I don't know about you but I had always thought that the Teddy Bear was either the first stuffed animal or the first stuffed animal to become popular. Actually, the Teddy Bear had a predecessor. It was the "Ithaca Kitty" and he preceded the Teddy Bear by a full 22 years.
The "Ithaca Kitty" was the creation of Celia Smith, a denizen of Ithaca, New York. Living in the same home were her husband, her daughter and a cat with seven toes named Caesar Grimalkin. She felt inspired by her cat and created a stuffed cloth version based upon his likeness. She did not, however, include those seven toes.
Caesar Grimalkin – note the seven toes
Her husband, William Hazlitt Smith, was an attorney and he felt strong enough about his wife's creation that he applied for a patent. Mr. Smith was smart to get that patent because the "Ithaca Kitty" took off, ending up in department stores, magazines, newspapers and even made it to the Chicago Worlds Fair. How well did it sell? Well, 200,000 Ithaca Kitties were sold during its first Christmas season. To give you a sense of proportion, the population of the United States was 50 million in 1880. Today its 318 million, more than six times as large.
From where does the name Caesar Grimalkin originate? After all, its an odd name to give a cat. I did some research and the source of the name Caesar Grimalkin may be as weird as a seven toed cat.

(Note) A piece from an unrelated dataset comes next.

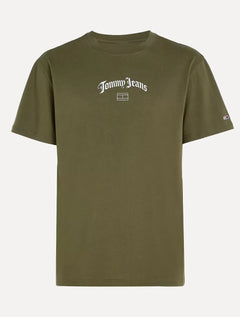 Camiseta Tommy Jeans Masculina Regular Grunge Arch Verde Militar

Its seems that Grimalkin is a pre-modern English name for a cat (specifically a gray one). Cats named Grimalkin seem to show up in strange places. Nostradamus, the great 16th century French prophet had a cat named Grimalkin. In the next century, Shakespeare (coincidentally?) included a cat name Gray-Malkin in his MacBeth. He was the property of the Three Witches and he assisted them in predicting the future. H.P. Lovecraft, the writer of horror stories mentions a grimalkinThe Dream-Quest of Unknown Kadath.
I do think, however, that there may be another reason for the name. As mentioned above, Celia Smith's husband was named William Hazlitt Smith. He was more than likely named for William Hazlitt, an 18th century author and critic who mentions Grimalkin in a piece he wrote for the Examiner in 1815.
Is that a clue to the cat's name? Was it Mr. Smith who named the cat in a bow to his namesake Hazlitt? Who knows but there is far more to the "Ithaca Kitty" than I thought.